If we’re not taking away enough heat at any given time, the greater the percentage of refrigerant is a gas, and the discharge pressure increases until equilibrium is found as the saturated condensing temperature increases the condenser capacity*, or the system hits the safety buffers of the High Pressure Safety Switch, and all refrigeration stops. The same principle will apply to water cooled systems.

There may be the occasional time in retail refrigeration (very low ambient temperatures, and low duty) where natural convection is draws air through, well, naturally, but we’re not discussing that or for that matter, a domestic fridge/freezer which relies entirely on natural convection for its entire life span and is effectively unregulated.

Unregulated condensers will work by having a relatively constant environmental conditions, such as a kitchen. Where we have a much wider range of environmental conditions – we need to regulate condenser capacity.

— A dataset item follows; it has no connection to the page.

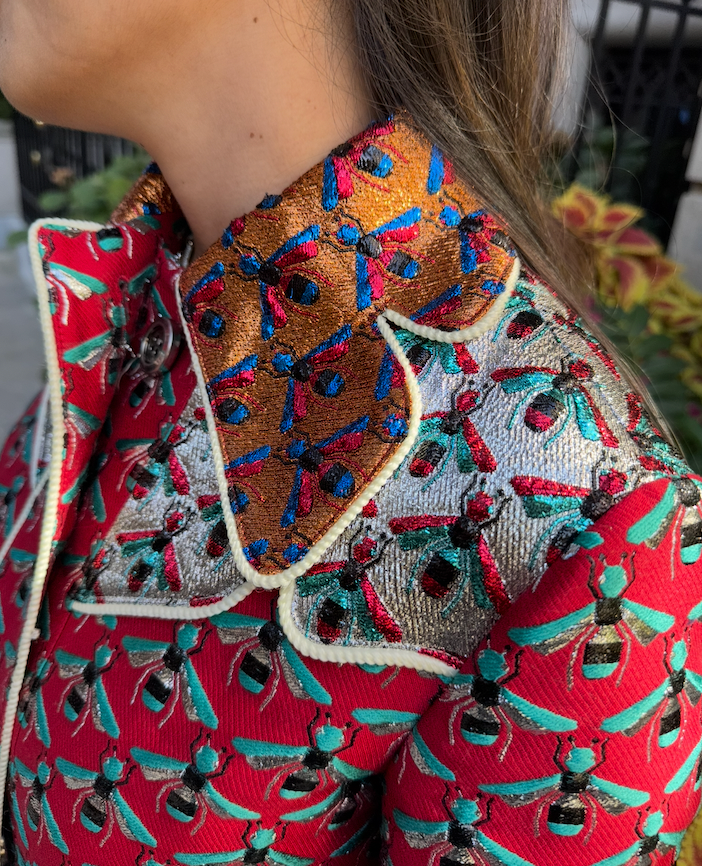GUCCI Metallic Multicolor Coat with Bees and Mink on Cuffs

Here we see the annual hourly temperature range for three locations range from -7°C through to above 29°C, which an air-cooled condenser may be exposed to. The under-counter fridge in my kitchen spends the majority of its 8760 hours a year at temperatures between 16-25°C.

At last years IIR Extreme Heat Briefing - one of the presentations demonstrated that the UK despite our preconceptions, has one of the widest range of temperatures, and our systems need to be designed accordingly.

Why do we need to regulate condenser capacity?

Why do we need to regulate condenser capacity, why can’t we simply have condenser fans switched on and off, by the same relay is turning the compressor on and off? In a lot of cases, such control may suffice - but in retail refrigeration this can (will?) create problems – around a condition called “over-condensing”.

When I was squeaky voiced applications engineer – I dealt entirely with compressors, and to a lesser extent, air-cooled condensers. As we know – the lower the condensing temperature, the higher the CoP – so how the can “over-condensing” be an issue? When I first came across the time, I was a little stumped. Then I forgot about it and got on with my life (which was mostly playing Grand Theft Auto San Andreas), until I had to start selecting expansion devices.

Expansion devices, which can be anything from a length of pipe, a Thermostatic Expansion Valve (TEV), a “Stepper” electronic expansion valve, or a solenoid valve and ejectors, have capacities which depend largely on the pressure differential between the inlet and outlet.? You have a very high of pressure on the inlet and a very low pressure on the outlet, you are going to get more flow through the orifice, than you would if you have a much lower pressure differential.

And it’s that flow of refrigerant that ensures that we keep food cold. Too little refrigerant through the expansion valve – and the product gets (too) warm, regardless of what the compressor is or isn’t doing.

There are also other effects of over condensing where liquid refrigerant remains in the condenser, which may cause nuisance low level liquid alarms or in the worst case, potentially cause liquid starvation to the evaporating fixtures. With saturated gas defrosts, there will be the requirement for a minimum condensing temperature, which in turn will compromise defrosts if that minimum condensing temperature threshold is breached.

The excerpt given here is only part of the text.